Rare Coin InvestorThe Colorado Silver Boom started in 1879 following the discovery of silver in the town of Leadville near the headwaters of the Arkansas River by Horace Austin Warner Tabor and August Meyer in 1877. In total, more than $82 million of silver was mined, mostly as a consequence of The Bland-Allison Act of 1878 which authorized the U.S. Government to purchase at least $2 million in silver annually.

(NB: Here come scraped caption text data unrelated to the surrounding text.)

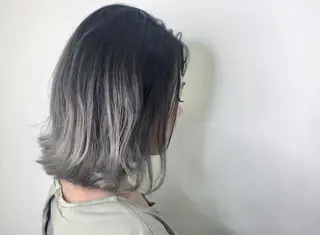 ミディアム カラー 宮永 智香のヘアスタイル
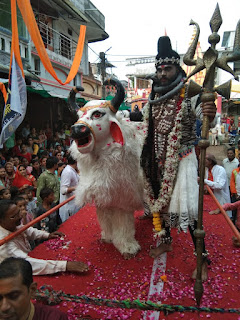 शिव की आलोकिक यात्रा में हर कोई शिवमय हुआ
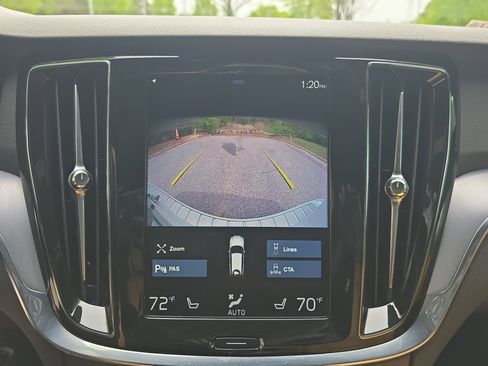 Used 2020 Volvo V60 T5 Cross Country w/ Protection Package Premier image 22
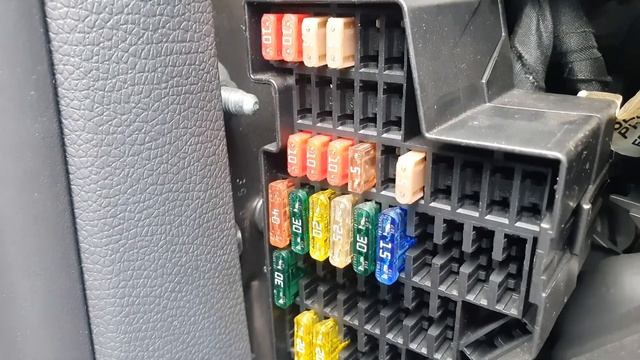 Fuse box location on VW jetta, golf, passat.... смотреть онлайн
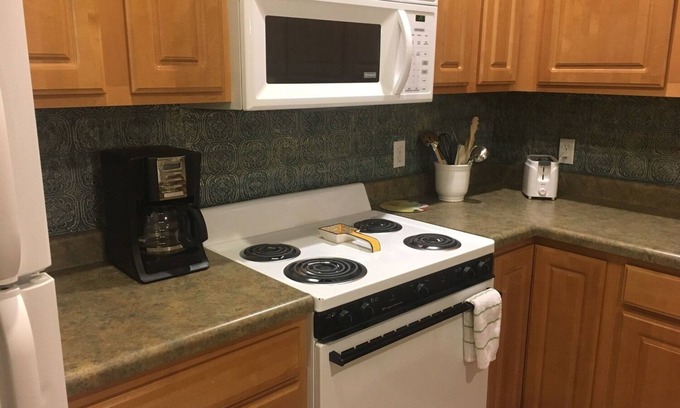 Ludington Apartment | STRAM - 201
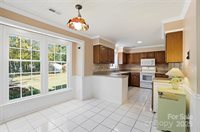 2621 Heathershire Lane, Matthews, NC 28105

The first discoveries of silver in Colorado occurred in the early 1860’s, but because of the low price of silver and the larger demand for gold in the area few mines were profitable enough to operate. The Bland-Allison Act of 1878 changed the landscape entirely. Politicians, facing pressure from farmers in the Midwest and miners in the West, authorized the U.S. Government to buy silver as a way to raise inflation. As a result many of the previously unopened or unused mines started operating. The discovery of a large silver lode in nearby Leadville swelled the population of the area significantly with many miners in the same valleys that had produced the earlier gold rush. The silver boom brought along with it improved railroad lines, including lines from Denver to Leadville and Denver to Aspen, the latter of which saved the town from dying out.

The Sherman Silver Purchase Act of 1890 more than doubled the amount of silver the government purchased and extended the silver boom in Colorado to even further heights; at one point there were serious discussions about moving the state capital from Denver to Leadville. However, when President Grover Cleveland called for the repeal of the Act in 1893, the silver market collapsed; by the end of the year many of the old mining camps were completely empty.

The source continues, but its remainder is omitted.